Every act rewards itself, or, in other words, integrates itself, in a twofold manner; first, in the thing, or in real nature; and secondly, in the circumstance, or in apparent nature. Men call the circumstance the retribution. The causal retribution is in the thing, and is seen by the soul. The retribution in the circumstance is seen by the understanding; it is inseparable from the thing, but is often spread over a long time, and so does not become distinct until after many years. The specific stripes may follow late after the offence, but they follow because they accompany it. Crime and punishment grow out of one stem. Punishment is a fruit that unsuspected ripens within the flower of the pleasure which concealed it. Cause and effect, means and ends, seed and fruit, cannot be severed; for the effect already blooms in the cause, the end preexists in the means, the fruit in the seed.
Whilst thus the world will be whole, and refuses to be disparted, we seek to act partially, to sunder, to appropriate; for example, — to gratify the senses, we sever the pleasure of the senses from the needs of the character. The ingenuity of man has always been dedicated to the solution of one problem, — how to detach the sensual sweet, the sensual strong, the sensual bright, from the moral sweet, the moral deep, the moral fair; that is, again, to contrive to cut clean off this upper surface so thin as to leave it bottomless; to get a _one end_, without an _other end_. The soul says, Eat; the body would feast. The soul says, The man and woman shall be one flesh and one soul; the body would join the flesh only. The soul says, Have dominion over all things to the ends of virtue; the body would have the power over things to its own ends.
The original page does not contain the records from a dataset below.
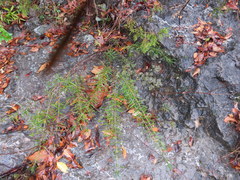 Hypericum densiflorum interior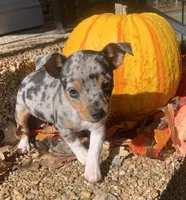 Rich Rat’s Trinket, a female Teddy Roosevelt Terrier for sale in Gadsden, AL – Photo 2 of 2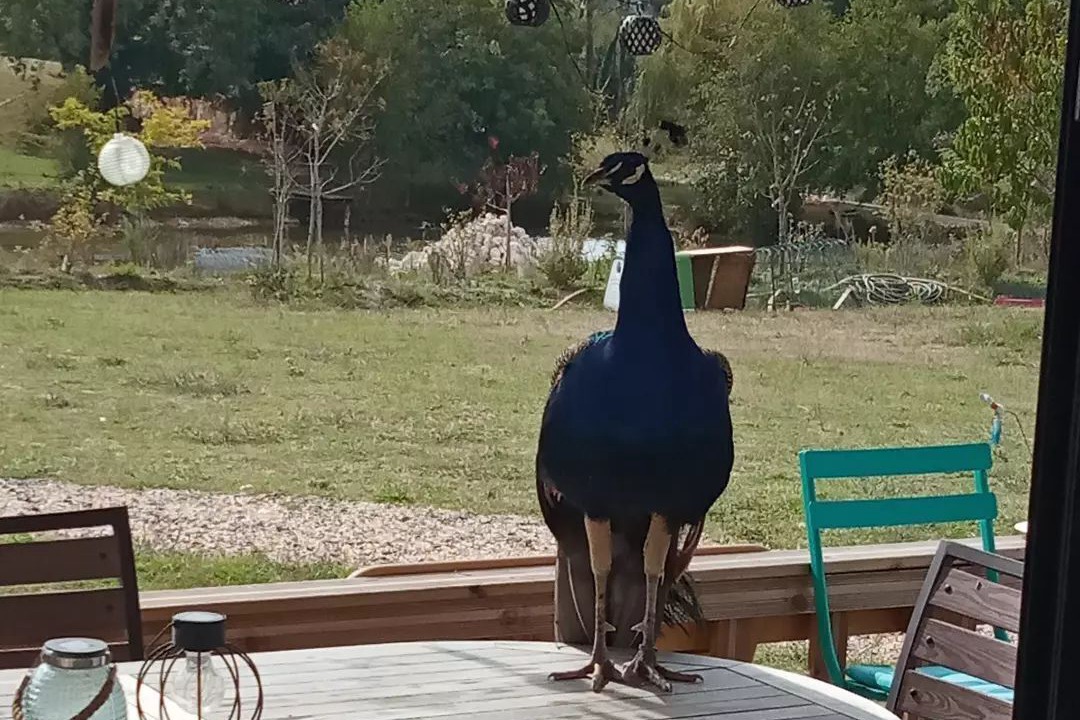 Photo of Outdoor in La Clotte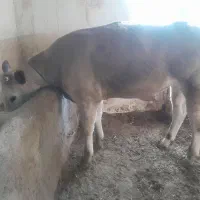 ماده وزن تقریبی ۳۰۰ گوساله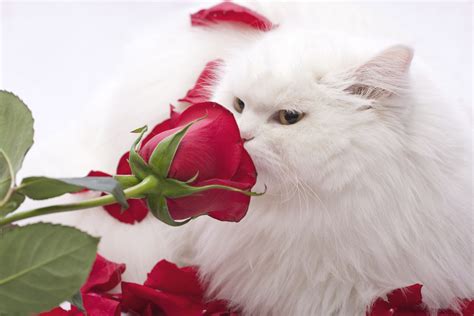 5 Valentines Tips All Pet Families Need To Know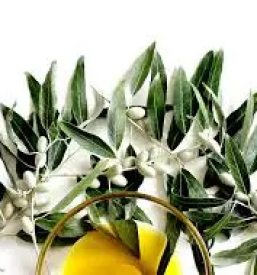 Domace oljcno olje slovenija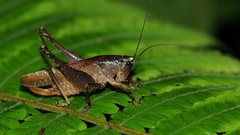 Hyperomerus ferreirai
The soul strives amain to live and work through all things. It would be the only fact. All things shall be added unto it power, pleasure, knowledge, beauty. The particular man aims to be somebody; to set up for himself; to truck and higgle for a private good; and, in particulars, to ride, that he may ride; to dress, that he may be dressed; to eat, that he may eat; and to govern, that he may be seen. Men seek to be great; they would have offices, wealth, power, and fame. They think that to be great is to possess one side of nature, — the sweet, without the other side, — the bitter.
I am asking you to not buy into a variance of Isaac Asimov quote “my experience is just as good as your truth”.
You are asking good questions. Go to the source for answers.
stay the course and keep digging. maybe the book you should be reading has 66 books in one cover. things about society and our search just keep getting repeated. the answers always seem to keep coming up the same.
was good to meet Aaron @TP. with he and Marcus could spend some time.